Exercise description:
Nothing but the lines from the one containing "Vintage Strass Ohrclips" through the one containing "Set Of 10 Disposable", both included, should be given again, each exactly as written below.

Data supplied:
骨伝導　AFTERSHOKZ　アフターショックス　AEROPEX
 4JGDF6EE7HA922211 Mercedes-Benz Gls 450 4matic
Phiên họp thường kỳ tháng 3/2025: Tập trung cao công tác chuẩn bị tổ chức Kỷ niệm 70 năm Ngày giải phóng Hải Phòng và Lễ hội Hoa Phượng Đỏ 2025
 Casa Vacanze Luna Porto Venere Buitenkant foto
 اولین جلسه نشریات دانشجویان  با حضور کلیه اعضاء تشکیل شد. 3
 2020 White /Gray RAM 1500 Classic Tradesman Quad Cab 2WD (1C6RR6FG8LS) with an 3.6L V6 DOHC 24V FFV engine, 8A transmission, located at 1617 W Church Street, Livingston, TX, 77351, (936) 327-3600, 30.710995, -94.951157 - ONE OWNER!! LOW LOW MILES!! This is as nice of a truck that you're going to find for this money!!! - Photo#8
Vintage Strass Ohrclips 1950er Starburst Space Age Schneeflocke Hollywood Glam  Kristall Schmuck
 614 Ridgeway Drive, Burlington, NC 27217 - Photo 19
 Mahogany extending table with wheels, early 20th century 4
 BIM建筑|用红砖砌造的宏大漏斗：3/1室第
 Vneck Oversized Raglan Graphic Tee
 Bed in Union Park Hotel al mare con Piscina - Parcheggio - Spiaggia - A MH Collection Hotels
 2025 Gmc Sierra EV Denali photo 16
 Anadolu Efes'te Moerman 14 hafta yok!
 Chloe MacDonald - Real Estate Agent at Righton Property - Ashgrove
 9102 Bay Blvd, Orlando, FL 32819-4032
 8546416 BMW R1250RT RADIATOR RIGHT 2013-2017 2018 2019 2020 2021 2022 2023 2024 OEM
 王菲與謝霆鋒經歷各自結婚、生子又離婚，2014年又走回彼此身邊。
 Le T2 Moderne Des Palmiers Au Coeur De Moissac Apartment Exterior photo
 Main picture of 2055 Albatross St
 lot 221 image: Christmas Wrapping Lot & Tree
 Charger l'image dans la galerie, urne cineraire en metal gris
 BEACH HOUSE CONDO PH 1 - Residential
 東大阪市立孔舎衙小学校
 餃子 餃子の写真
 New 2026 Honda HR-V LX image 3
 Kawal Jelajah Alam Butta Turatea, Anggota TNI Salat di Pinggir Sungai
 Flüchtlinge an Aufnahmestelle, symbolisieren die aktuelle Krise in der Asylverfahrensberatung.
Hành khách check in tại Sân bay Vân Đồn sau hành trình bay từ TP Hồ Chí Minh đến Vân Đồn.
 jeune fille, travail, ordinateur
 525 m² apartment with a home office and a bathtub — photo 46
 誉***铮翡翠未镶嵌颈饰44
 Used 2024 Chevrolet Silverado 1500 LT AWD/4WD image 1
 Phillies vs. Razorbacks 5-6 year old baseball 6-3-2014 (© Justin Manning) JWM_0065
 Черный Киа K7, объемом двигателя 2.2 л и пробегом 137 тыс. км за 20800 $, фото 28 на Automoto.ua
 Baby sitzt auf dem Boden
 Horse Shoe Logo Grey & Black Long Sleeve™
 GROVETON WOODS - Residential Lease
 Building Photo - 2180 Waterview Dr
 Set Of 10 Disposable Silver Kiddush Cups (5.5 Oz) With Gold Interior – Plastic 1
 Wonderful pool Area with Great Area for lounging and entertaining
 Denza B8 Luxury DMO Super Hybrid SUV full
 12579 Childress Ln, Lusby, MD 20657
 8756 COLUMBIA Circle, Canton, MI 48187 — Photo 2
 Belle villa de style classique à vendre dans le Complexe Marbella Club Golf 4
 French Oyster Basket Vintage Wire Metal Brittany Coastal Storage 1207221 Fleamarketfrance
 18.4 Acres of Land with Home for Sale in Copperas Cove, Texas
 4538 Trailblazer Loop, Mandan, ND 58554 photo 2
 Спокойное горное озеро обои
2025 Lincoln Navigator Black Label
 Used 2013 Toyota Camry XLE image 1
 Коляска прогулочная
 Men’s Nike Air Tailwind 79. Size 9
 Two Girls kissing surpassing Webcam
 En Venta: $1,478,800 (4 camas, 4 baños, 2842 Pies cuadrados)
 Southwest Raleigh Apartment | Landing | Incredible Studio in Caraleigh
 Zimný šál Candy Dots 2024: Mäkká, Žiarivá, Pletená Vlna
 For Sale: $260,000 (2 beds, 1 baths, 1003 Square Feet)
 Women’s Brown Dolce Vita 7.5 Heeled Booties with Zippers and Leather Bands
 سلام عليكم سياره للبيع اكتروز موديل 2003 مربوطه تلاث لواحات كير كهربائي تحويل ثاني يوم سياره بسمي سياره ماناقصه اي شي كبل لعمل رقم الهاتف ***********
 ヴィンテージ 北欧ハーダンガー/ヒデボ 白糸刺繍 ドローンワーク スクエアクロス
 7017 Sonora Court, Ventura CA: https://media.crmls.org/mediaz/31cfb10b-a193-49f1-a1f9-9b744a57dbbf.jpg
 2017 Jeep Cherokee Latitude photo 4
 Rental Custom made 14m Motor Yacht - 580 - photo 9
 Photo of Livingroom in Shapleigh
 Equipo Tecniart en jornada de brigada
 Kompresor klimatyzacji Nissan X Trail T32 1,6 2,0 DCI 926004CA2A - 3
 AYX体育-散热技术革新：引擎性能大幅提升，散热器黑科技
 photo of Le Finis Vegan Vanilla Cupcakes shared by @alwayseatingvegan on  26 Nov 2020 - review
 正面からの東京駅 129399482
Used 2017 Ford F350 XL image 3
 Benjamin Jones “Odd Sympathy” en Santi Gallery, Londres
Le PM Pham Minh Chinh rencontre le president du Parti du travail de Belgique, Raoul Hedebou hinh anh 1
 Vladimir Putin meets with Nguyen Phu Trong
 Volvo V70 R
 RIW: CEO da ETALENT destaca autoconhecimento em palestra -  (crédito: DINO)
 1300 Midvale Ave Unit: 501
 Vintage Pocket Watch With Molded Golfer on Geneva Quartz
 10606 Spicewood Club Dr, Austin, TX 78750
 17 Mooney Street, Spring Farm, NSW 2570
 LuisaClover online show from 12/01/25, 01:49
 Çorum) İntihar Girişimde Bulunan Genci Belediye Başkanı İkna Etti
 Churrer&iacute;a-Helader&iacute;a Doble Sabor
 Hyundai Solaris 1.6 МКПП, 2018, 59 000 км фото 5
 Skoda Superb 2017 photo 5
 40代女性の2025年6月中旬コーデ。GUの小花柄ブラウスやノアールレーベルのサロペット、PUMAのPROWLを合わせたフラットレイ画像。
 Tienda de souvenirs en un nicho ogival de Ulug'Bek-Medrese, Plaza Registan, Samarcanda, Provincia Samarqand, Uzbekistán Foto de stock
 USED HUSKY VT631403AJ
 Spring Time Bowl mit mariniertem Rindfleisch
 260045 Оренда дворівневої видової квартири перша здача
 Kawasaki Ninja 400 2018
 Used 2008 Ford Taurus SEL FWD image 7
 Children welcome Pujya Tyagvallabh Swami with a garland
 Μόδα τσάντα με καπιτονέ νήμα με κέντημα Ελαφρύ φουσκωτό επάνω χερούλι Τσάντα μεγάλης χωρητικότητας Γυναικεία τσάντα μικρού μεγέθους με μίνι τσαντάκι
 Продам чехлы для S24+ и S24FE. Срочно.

Answer area:
Vintage Strass Ohrclips 1950er Starburst Space Age Schneeflocke Hollywood Glam  Kristall Schmuck
 614 Ridgeway Drive, Burlington, NC 27217 - Photo 19
 Mahogany extending table with wheels, early 20th century 4
 BIM建筑|用红砖砌造的宏大漏斗：3/1室第
 Vneck Oversized Raglan Graphic Tee
 Bed in Union Park Hotel al mare con Piscina - Parcheggio - Spiaggia - A MH Collection Hotels
 2025 Gmc Sierra EV Denali photo 16
 Anadolu Efes'te Moerman 14 hafta yok!
 Chloe MacDonald - Real Estate Agent at Righton Property - Ashgrove
 9102 Bay Blvd, Orlando, FL 32819-4032
 8546416 BMW R1250RT RADIATOR RIGHT 2013-2017 2018 2019 2020 2021 2022 2023 2024 OEM
 王菲與謝霆鋒經歷各自結婚、生子又離婚，2014年又走回彼此身邊。
 Le T2 Moderne Des Palmiers Au Coeur De Moissac Apartment Exterior photo
 Main picture of 2055 Albatross St
 lot 221 image: Christmas Wrapping Lot & Tree
 Charger l'image dans la galerie, urne cineraire en metal gris
 BEACH HOUSE CONDO PH 1 - Residential
 東大阪市立孔舎衙小学校
 餃子 餃子の写真
 New 2026 Honda HR-V LX image 3
 Kawal Jelajah Alam Butta Turatea, Anggota TNI Salat di Pinggir Sungai
 Flüchtlinge an Aufnahmestelle, symbolisieren die aktuelle Krise in der Asylverfahrensberatung.
Hành khách check in tại Sân bay Vân Đồn sau hành trình bay từ TP Hồ Chí Minh đến Vân Đồn.
 jeune fille, travail, ordinateur
 525 m² apartment with a home office and a bathtub — photo 46
 誉***铮翡翠未镶嵌颈饰44
 Used 2024 Chevrolet Silverado 1500 LT AWD/4WD image 1
 Phillies vs. Razorbacks 5-6 year old baseball 6-3-2014 (© Justin Manning) JWM_0065
 Черный Киа K7, объемом двигателя 2.2 л и пробегом 137 тыс. км за 20800 $, фото 28 на Automoto.ua
 Baby sitzt auf dem Boden
 Horse Shoe Logo Grey & Black Long Sleeve™
 GROVETON WOODS - Residential Lease
 Building Photo - 2180 Waterview Dr
 Set Of 10 Disposable Silver Kiddush Cups (5.5 Oz) With Gold Interior – Plastic 1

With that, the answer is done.